Check here and oh post more...

https://www.plumbingzone.com/f7/adventures-soap-opera-80969/index32/#post1188472


----------



## Plumbergeek (Aug 16, 2010)

Update: New Pics


















I have never seen anything like this? In first pic where I removed the stem? it looks like some sort of diaphram inside but I could not find a way to get to it?


----------



## chonkie (Jul 31, 2014)

Might be this. I tried posting a pic of the cartridge, but PZ isn't cooperating, i saw on the site that had the identical spline thing near the splines the handle attaches to. I think you didn't take out the whole thing, but not 100% sure. That Chicago Faucet site should be able to help you out if you contact them.

https://www.chicagofaucetshoppe.com...mostatic-Rough-In-Valve-p/cif-289.715.999.htm


----------



## Plumbergeek (Aug 16, 2010)

chonkie said:


> Might be this. I tried posting a pic of the cartridge, but PZ isn't cooperating, i saw on the site that had the identical spline thing near the splines the handle attaches to. I think you didn't take out the whole thing, but not 100% sure. That Chicago Faucet site should be able to help you out if you contact them.
> 
> https://www.chicagofaucetshoppe.com...mostatic-Rough-In-Valve-p/cif-289.715.999.htm


That looks exactly like it! Thank You Chonkie! :smile:


----------



## MirMahmutovic# (Nov 4, 2018)

The Faucet Shoope in Chicago, has incredibly smart people who can identify any type of part on a shower valve, faucet and such. They have same day shipping if your out of state and prices are second to none, at least in Chicago.


----------



## breplum (Mar 21, 2009)

Backflow troubleshooting notes: Just last week had a tank WH with recirc going into the bottom of the WH with check valve installed where complaint was cold water coming out of hot valves all over the house. I checked the check valve which was ok.
The shower pressure balance valve was a Kohler K304 series.
FIX= replace the pressure balance spool: KOHLER GENUINE PART GP500520 CARTRIDGE FOR PRESSURE BALANCING UNIT (SHOWER)
Replacing cartridge solved it.


And prior week: Navien recirc system with complaint of no hot water at low floor kitchen when upstairs had shower running.
Had to be a check valve problem.
Navien has an onboard check valve that is a dream to service. Sure enough, when I pulled that check valve, it was sort of frozen into the closed position and when I used a tiny screwdriver, freed up the spring mechanism and it now works fine. Navien also sent a replacement for the future.


----------



## breplum (Mar 21, 2009)

Be careful in ordering, Cifial might also make a standard 1/2" version of that valve.


----------



## Plumbergeek (Aug 16, 2010)

breplum said:


> Backflow troubleshooting notes: Just last week had a tank WH with recirc going into the bottom of the WH with check valve installed where complaint was cold water coming out of hot valves all over the house. I checked the check valve which was ok.
> The shower pressure balance valve was a Kohler K304 series.
> FIX= replace the pressure balance spool: KOHLER GENUINE PART GP500520 CARTRIDGE FOR PRESSURE BALANCING UNIT (SHOWER)
> Replacing cartridge solved it.
> ...


I've had plenty of experience with Navien's cheap plastic check valve.:vs_mad:
I wish they could beef it up a little......


----------



## Plumbergeek (Aug 16, 2010)

I still haven't found the mixing valve in the US?


----------



## Random plumber (Dec 3, 2018)

I couldn't log into my regular account, I guess I haven't been on since the password issue hit a while ago so I just made another account so I could post this.

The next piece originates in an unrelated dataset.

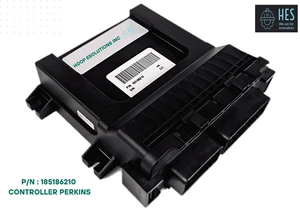 BRAND NEW 185186210 ENGINE CONTROLLER FOR PERKINS (OEM PART) - Picture 1 of 2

I don't recognize that trim but the bottom part of the valve is a first generation Moen s3371 valve. Look up Moen 130158 and 130156 for the parts you will need to fix it.

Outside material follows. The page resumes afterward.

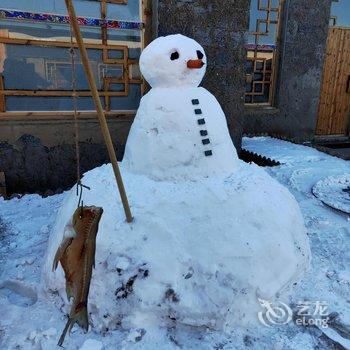 查干湖新庙渔猎部落特色民宿酒店提供图片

In the one picture you only removed the front of the thermostatic cartridge. You may need an easy out tool to remove the rest of the cartridge. I think you will also need a 26mm socket to replace those check valves. I just had to service two of those valves last week for also letting the cold mix into the hot affecting the Takagi tankless water heater.


----------